=== THE DATA ===
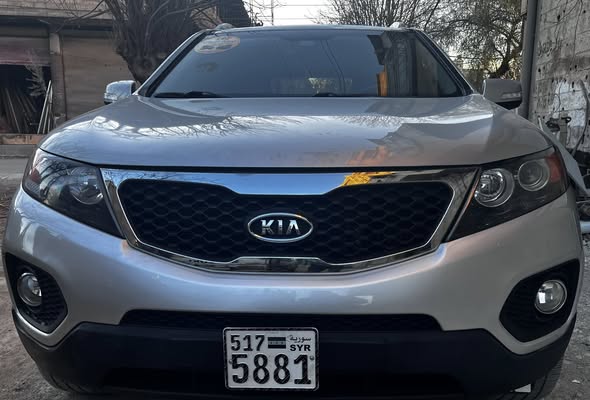 كيا سورينتو 2010 - صورة 1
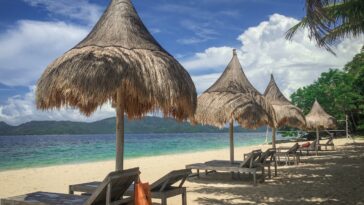 Inaladelan Island photo by Aivan Abao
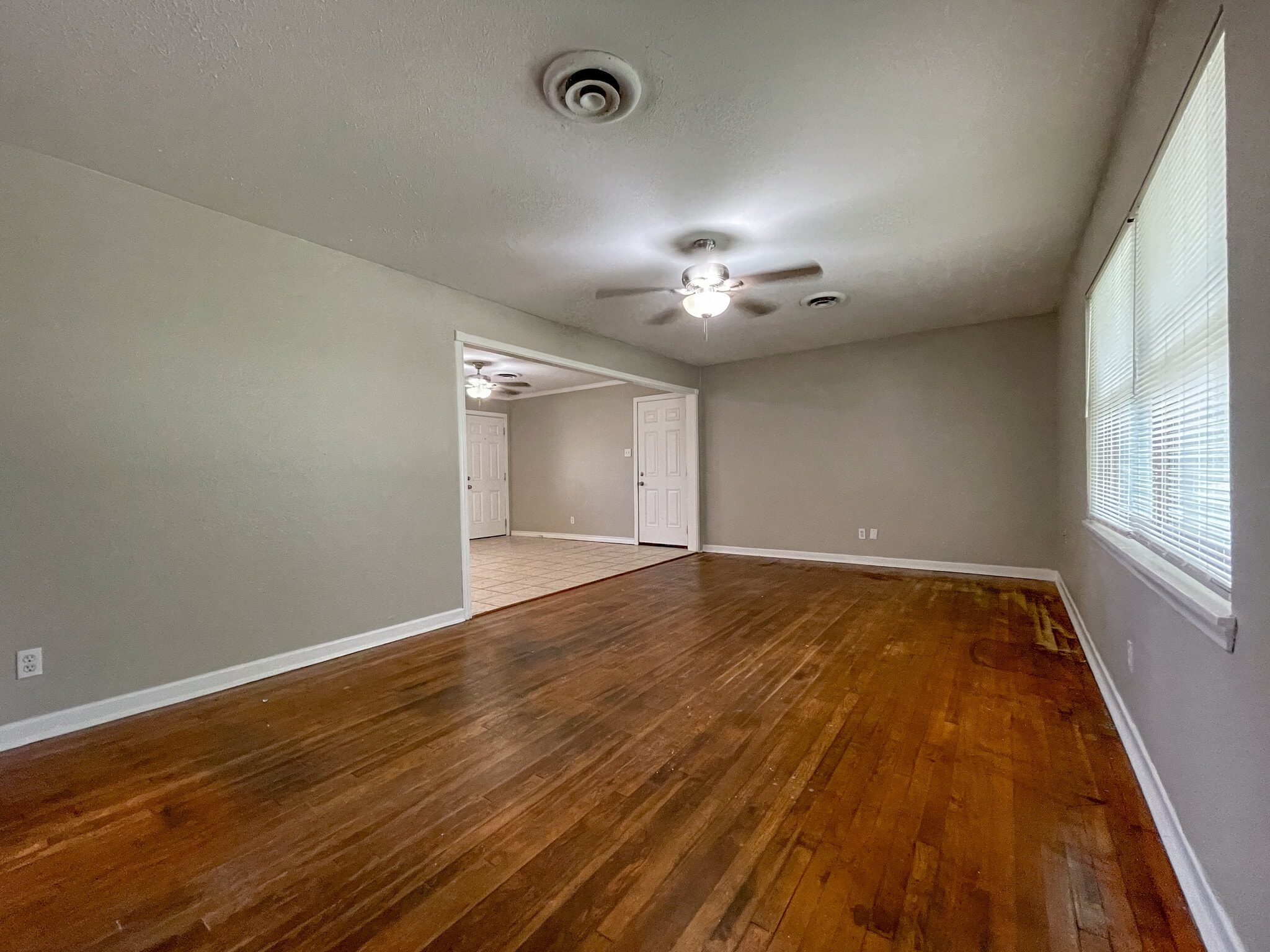 Building Photo - 110 E San Benito Dr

=== WHAT YOU ARE ASKED TO DO ===
The answer should hold every line of the listing, copied exactly, with no pictures.

=== TASK RESPONSE ===
 كيا سورينتو 2010 - صورة 1
 Inaladelan Island photo by Aivan Abao
 Building Photo - 110 E San Benito Dr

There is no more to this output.